A trip down memory lane

from the Bleacher Report

by Alex Young

Gather ’round kids, I’m going to tell you a tale. A tale of the last time the Philadelphia Phillies finished last in the National League East.

The year was 2000. We had all just survived Y2K and were excited to live on the frontier of the future, the New Millenium. Surely we would have flying cars and robot butlers within a few years. The Flyers were yearly contenders, the Sixers were just a year away from the NBA Finals and the Eagles had an exciting new head coach named Andy and a young, athletic quarterback named Donovan McNabb (How times have changed.)

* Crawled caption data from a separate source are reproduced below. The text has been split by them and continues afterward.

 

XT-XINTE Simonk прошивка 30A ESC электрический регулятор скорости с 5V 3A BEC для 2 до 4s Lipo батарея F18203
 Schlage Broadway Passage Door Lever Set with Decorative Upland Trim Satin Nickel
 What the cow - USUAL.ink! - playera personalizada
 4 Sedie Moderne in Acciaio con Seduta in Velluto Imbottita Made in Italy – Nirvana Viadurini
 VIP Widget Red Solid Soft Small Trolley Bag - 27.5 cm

Sadly, Philadelphia was still stuck with the same crummy baseball  team that we had the sad fortune of rooting for in the previous century. The Phillies could not have been farther removed from their last good season. By the time I started watching baseball in the late 90s, people talked about Lenny Dykstra, Dutch Daulton and the ’93 Phillies like they were ghosts. It only took them a few years to go from the World Series to perennial cellar dwellers. They finished no better than third in the division from 1996 to 1999. The only times Veteran’s Stadium had more than 6,000 people in it for a baseball game was when Mark McGwire or Sammy Sosa came to town. It was a far cry from five straight division crowns and 200 consecutive sell-outs.

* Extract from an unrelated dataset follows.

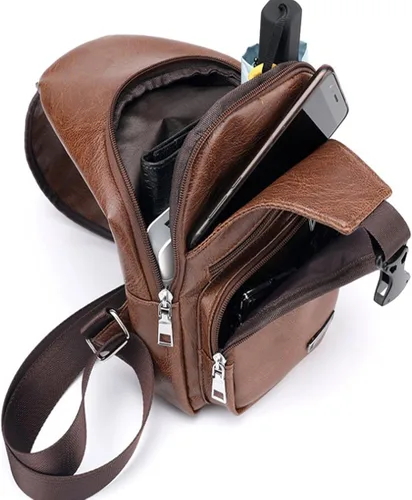 Vista 6 de Rullar Bandoleras de hombro en el pecho, bandolera, senderismo, mochila multiusos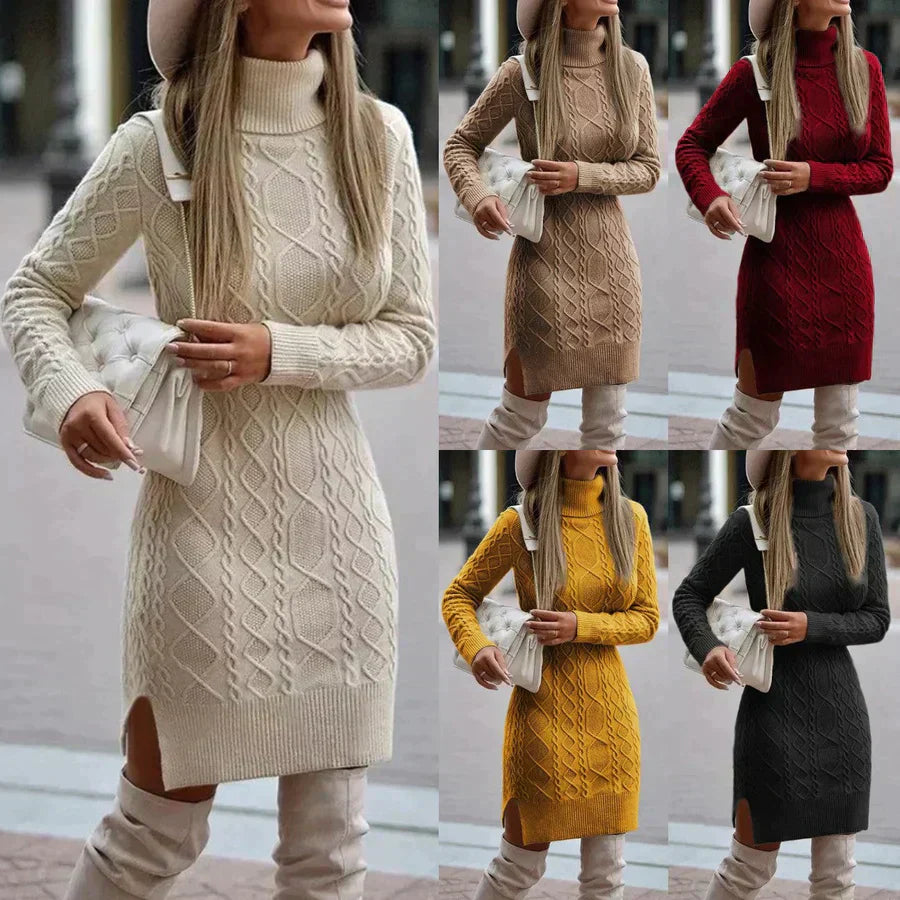 Stylish Knitted Winter Dress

Their manager was Terry Francona. You know, the guy who broke the Curse of the Bambino and won two World Series for the Red Sox. But that wasn’t the Francona that the Phillies got. He never lead the team to a winning record and lost more than 90 games twice in four years.

The Phillies’ big name players were Scott Rolen and Curt Schilling. Two guys who couldn’t get out of town fast enough. Schilling was traded midseason to the Arizona Diamondbacks where he went on to win the World Series a year later. The best player they got in return was Vicente Padilla who’s main contribution to the team was a second-rate fan group called the “Padilla Floatilla.”

Their only other relevant players were Randy Wolf, who led the team with 11 wins, Bobby Abreu, who hit .316, and Mike Leiberthal who made the NL All-Star team. They filled the rest of the team out with names like Ron Gant (Who—I can’t lie— I loved at the time), Desi Relaford and Rico Brogna.

The team slogged its way to a 65-97 record, the franchise’s worst since they lost 97 games in 1972. Terry Francona was quickly fired after the season and once they hired Larry Bowa to replace him, they ushered in the beginning of the end of one of the worst eras in Phillies baseball. Bowa led the team to some good but not great records from 2001 to 2004 but by the time he was finished they had moved into their new stadium. Before we knew it, they were winning. And winning a lot.

It’s easy to forget how bad this team was just a short twelve years ago. There are kids in middle school who have never seen the Phillies have a losing record. They might currently be in last place but the Phillies still have a good shot at making the playoffs. No matter how bad you think they are now, there’s no way they’ll be as bad as the last time they finished in last place.